Senate Majority Leader Dean Johnson said comments he made about the state Supreme Court and gay marriage were "poorly worded," after an interest group released a recording of his remarks and said he was tampering with the judicial process.

In January, Johnson, DFL-Willmar, in a meeting with a group of pastors in New London, was talking about the proposal to ban same-sex marriage and civil unions in the state constitution. The DFL-led Senate has blocked the measure the last few years, and gay marriage foes have placed much of the blame at Johnson's feet.

Johnson and other Democrats have argued that the state's law prohibiting gay marriage is sufficient, and doesn't need to be enshrined in the constitution. Johnson told the pastors that Supreme Court justices told him the current law wouldn't be overturned.

In the recording - made without Johnson's knowledge - he says he had talked with two of the three justices named Anderson on the bench and they had told him, "Dean, we're not going to do this. We're not going to do this." He also said former Chief Justice Kathleen Blatz, who recently stepped down, told him, "'We're not going to touch it.'"

The tape was released Wednesday by Minnesota for Marriage, one of the groups leading the charge for the gay marriage ban.
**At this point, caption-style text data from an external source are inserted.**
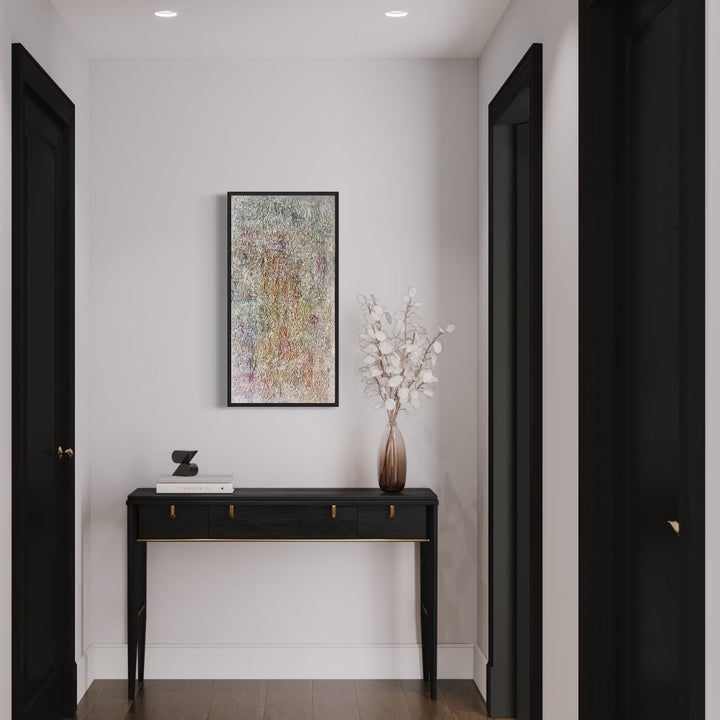 The artwork 'Number 16' by Roberto A Godinez features an abstract composition with textured layers in muted pastels and earthy tones, displayed in a black frame against a white wall above an elegant console table. The oil painting exhibits a weathered, multi-layered surface with subtle color variations, complementing modern interior decor. 36x18 inches framed artwork by Roberto A Godinez.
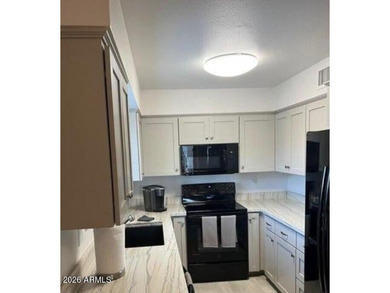 This exceptionally beautifully updated single-level end-unit on Apache Wells Country Club in Arizona - for sale on GolfHomes.com, golf home, golf lot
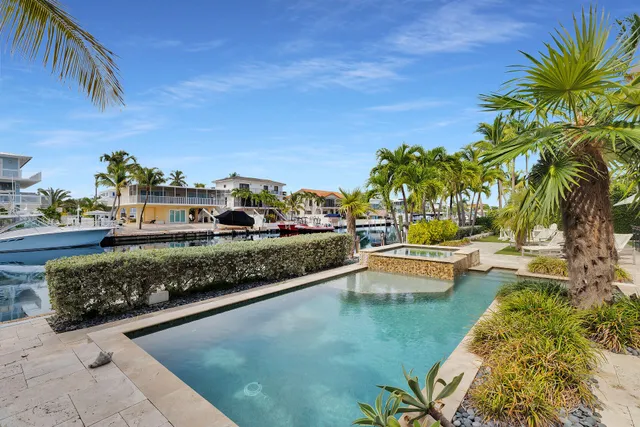 a picture of a living room with a flat screen tv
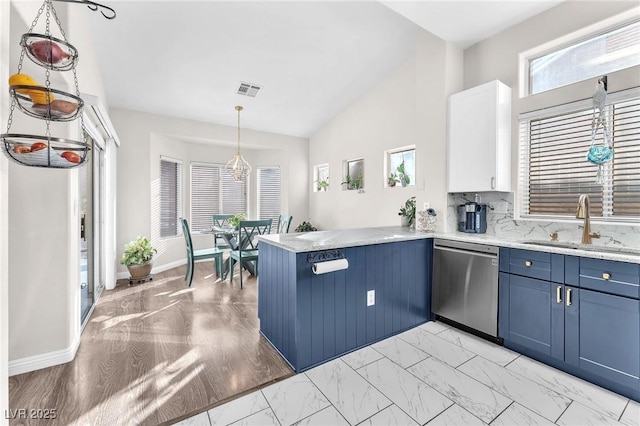 kitchen with sink, dishwasher, white cabinets, decorative light fixtures, and kitchen peninsula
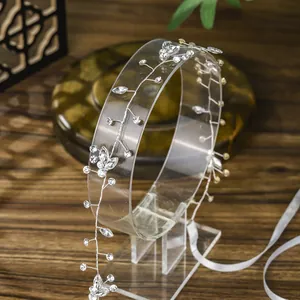 Handmade bridal headband with silver wire, crystals and white silk ribbon for weddings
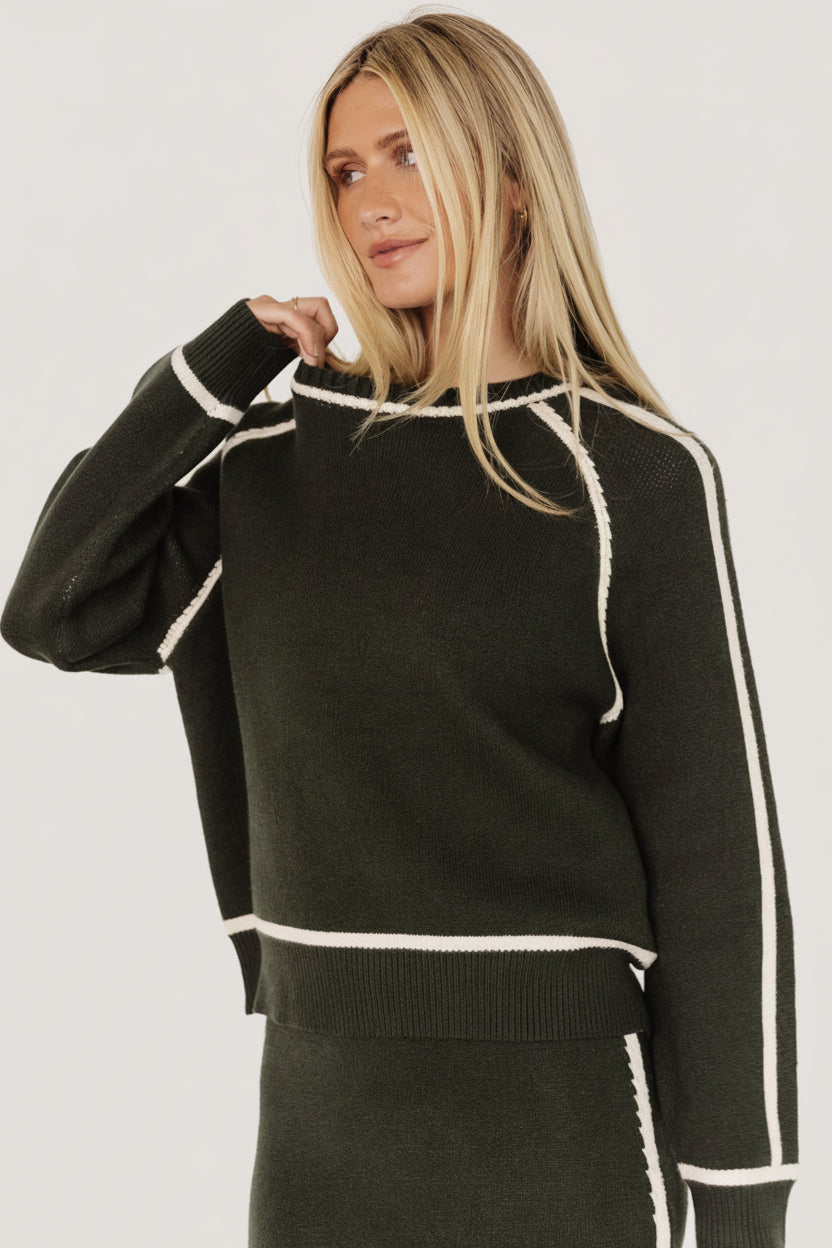 Front view of model wearing dark green Ava Knit Sweater, showing round neckline, cream piping, and relaxed tailored silhouette.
Another group, Minnesota Citizens in Defense of Marriage, called for Johnson's resignation from the Senate and said it would launch a petition drive to that end.

Johnson, who on Wednesday was at Camp Shelby, Miss., to visit Minnesota National Guard troops bound for Iraq, said in a statement through his office that his remarks were misconstrued by his political opponents. But he also apologized "if any damage has been done to the integrity of the court."

He also said he had only one conversation with a Supreme Court justice about the gay marriage issue when they bumped into each other at the Capitol, and that the conversation was brief and "more out of friendship."

In a telephone interview from Camp Shelby on Wednesday evening with the West Central Tribune of Willmar, Johnson said he was disappointed that a fellow member of the clergy would have taped him secretly.

Supreme Court spokesman John Kostouros said in a statement that "any suggestion that a justice made a commitment to vote a certain way on a case or issue if it came before them would be a serious ethical breach ... no such promise or commitment was made."

Blatz also issued a denial. "It would have been highly unethical for me as the chief justice to ... give assurances to anyone on how the court was likely to decide an issue that might come before it. It just never happened."